I was kind of disappointed to see how widely ranging the NOS American tubes were. 

Cheers,
--
Don

I did try the 6N5P , they compress much more compared to the 6BZ8/6BC8 at the same treshold level ( I think , if i remember at 0 treshold also compression ), i think you have to adjust the kathode voltage RV3 !
Soundwise didn't hear much difference !

Don't know where to find a reference for the kathode voltage of the 6N5P, maybe Silent Arts or Analag???

Danny.
 
I decided to start working on my PM again since right now it's just used as rackfilling which is a shame.
I already ordered a batch of 6n5p (going to match them), an extra trafo for the heater and things like that and i dug up the 5687 tubes that i pulled out from the sidechain some time ago.
But i found something strange with one of the 5687 tubes.
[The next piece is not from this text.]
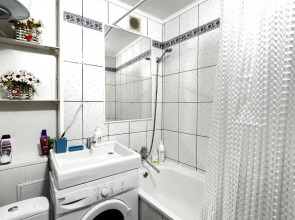 Königsberg на улице Зоологическая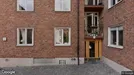 Apartment for rent, Kungsholmen, Stockholm, &lt;span class=&quot;blurred street&quot; onclick=&quot;ProcessAdRequest(13519345)&quot;&gt;&lt;span class=&quot;hint&quot;&gt;See streetname&lt;/span&gt;[xxxxxxxxxxxxx]&lt;/span&gt;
When i pulled out the 2 tubes from the sidechain i already noticed that one of the tubes was having some kind of white residue but i didn't really pay attention untill today. I also noticed that one of the tubes has a small crack in the glass in the bottom and also the metalic deposit on top for the getter is also gone.

I know it's broken (no vacuum i guess) but could that be because of the heat of the 5687's? they are running REALLY hot as we all know. Did someone else have the same problem? i have Philips 5687's. Might be something to pay attention at.  :eek:

I think i will get 4 new 5687's anyway.. so what is a good and cheap source right now?
 
dagoose said:
I know it's broken (no vacuum i guess) but could that be because of the heat of the 5687's? they are running REALLY hot as we all know.
broken and no vacuum is right.
but not because of heat.
from what I can see it is "mechanically" damaged at the socket.
 
[silent:arts] said:
dagoose said:
I know it's broken (no vacuum i guess) but could that be because of the heat of the 5687's? they are running REALLY hot as we all know.
broken and no vacuum is right.
but not because of heat.
from what I can see it is "mechanically" damaged at the socket.
I was also thinking about the mechanical stress that broke it but it was already this way before i pulled it out so i guess it must have cracked bbut was before but it was still working. The thing is, i remember it was still bloody hot when i pulled it out or could it still be heating even though the vacuum is gone?